Block 6 on the circuit board attached to your kit contains a circuit centered on a 7442 (or 74LS42). The logic diagram of the circuit is shown in Figure 2. It has four inputs connected to the test points labeled TP602, TP603, TP604, and TP605. Connect these test points to the data switches. You may want to add a "post-it" note above the data switches to indicate which inputs of the 74LS42 (A, B, C or D) you are activating with the switches. The ten outputs of the 7442 are connected to 10 LEDs, labeled L604 to L613.
To apply power to the 7442, close DIP-switches 7 and 8 in Block 6 (closing a switch means bringing it in the position where the little knob is aligned with the number "1" painted on the switch). (Note: A Dip switch is a "Dual In Line" switch, that is a series of miniature switches that have the same footprint as a regular integrated circuit.)
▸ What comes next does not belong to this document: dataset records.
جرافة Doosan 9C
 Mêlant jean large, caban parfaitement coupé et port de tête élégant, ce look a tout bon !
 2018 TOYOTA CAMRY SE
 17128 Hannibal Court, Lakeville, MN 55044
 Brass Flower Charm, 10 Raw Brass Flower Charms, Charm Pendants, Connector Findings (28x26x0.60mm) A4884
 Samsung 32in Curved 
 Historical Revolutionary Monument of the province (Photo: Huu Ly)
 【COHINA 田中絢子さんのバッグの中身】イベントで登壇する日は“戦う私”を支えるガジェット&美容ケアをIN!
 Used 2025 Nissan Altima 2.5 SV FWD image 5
Turn the Kit power back ON. Activate the data switches and record the variation of the output LEDs in a table
| D | C | B | A | L13 | L12 | L11 | L10 | L9 | L8 | L7 | L6 | L5 | L4 |
Challenge of the Day, #1
Use a 74LS42 to implement a 3-to-8 decoder with enable and active-low outputs.
Challenge of the Day, #2
Use a 74LS42 to implement a majority voter of 3 input signals. You can only use one extra chip, in addition to the 74LS42!
Homework Assignment
This assignment is due on Thursday morning, after Rally Day, at 10:30 a.m. (office, or mailbox).
Exercise 1
Assume that we have a boolean function f(a, b, c, d) = Σ( 5, 7, 15 ).
What is its minimal form, as given by a Karnaugh map?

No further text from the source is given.